┌─ ENTRIES SUPPLIED

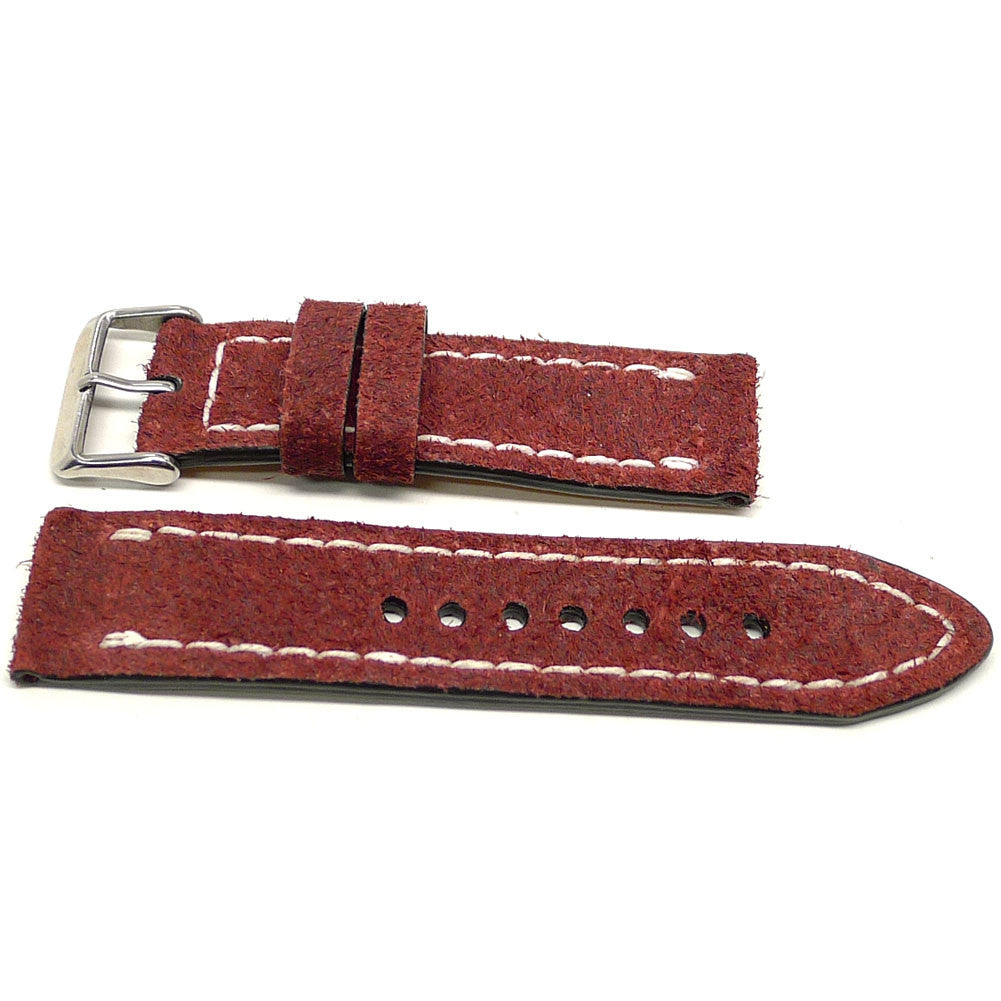 Efloot watch strap in red with a textured surface and cream edge stitching, two pieces laid flat.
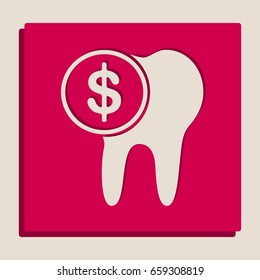 The cost of tooth treatment sign. Vector. Grayscale version of Popart-style icon.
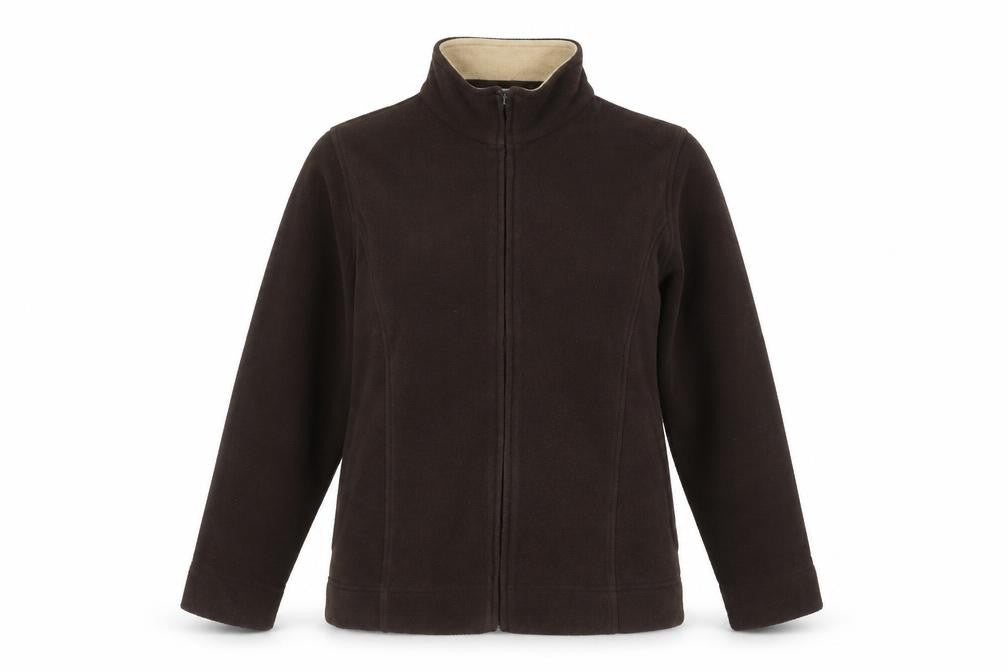 EWM Womens Brown Fleece Full Zip Jacket Size M 14-16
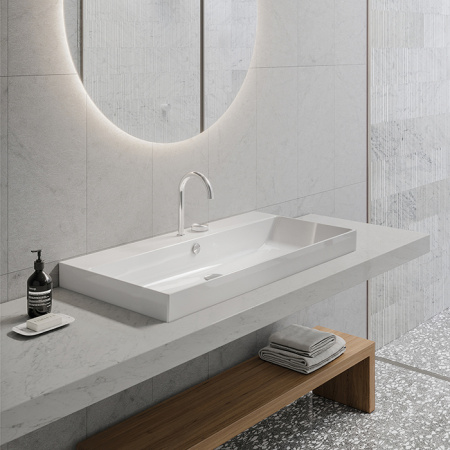 Catalano ZERO Раковина 100x50, с 2 отв. под смеситель, покрытие Cataglaze+, цвет белый глянцевый 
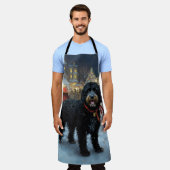 ポルトガルの水犬クリスマスフェスティバルシーズン エプロン (着用した状態)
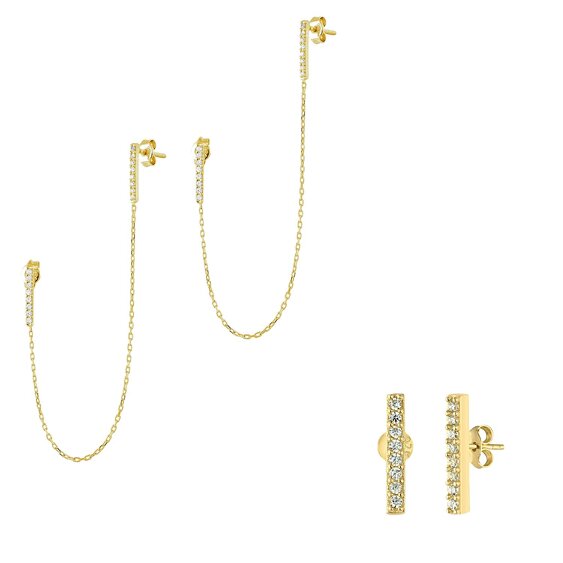 Spero London Chained Bar Chain and Bar Earring Set in Sterling Silver - Pair - Gold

└─

_TASK DESCRIPTION_
When you reach the line that has "The cost of" in the data above, start repeating lines exactly, and stop after the line that has "ポルトガルの水犬クリスマスフェスティバルシーズン エプロン (着用した状態)"; pictures stay out.

_WRITTEN ANSWER_
 The cost of tooth treatment sign. Vector. Grayscale version of Popart-style icon.
 EWM Womens Brown Fleece Full Zip Jacket Size M 14-16
 Catalano ZERO Раковина 100x50, с 2 отв. под смеситель, покрытие Cataglaze+, цвет белый глянцевый 
 ポルトガルの水犬クリスマスフェスティバルシーズン エプロン (着用した状態)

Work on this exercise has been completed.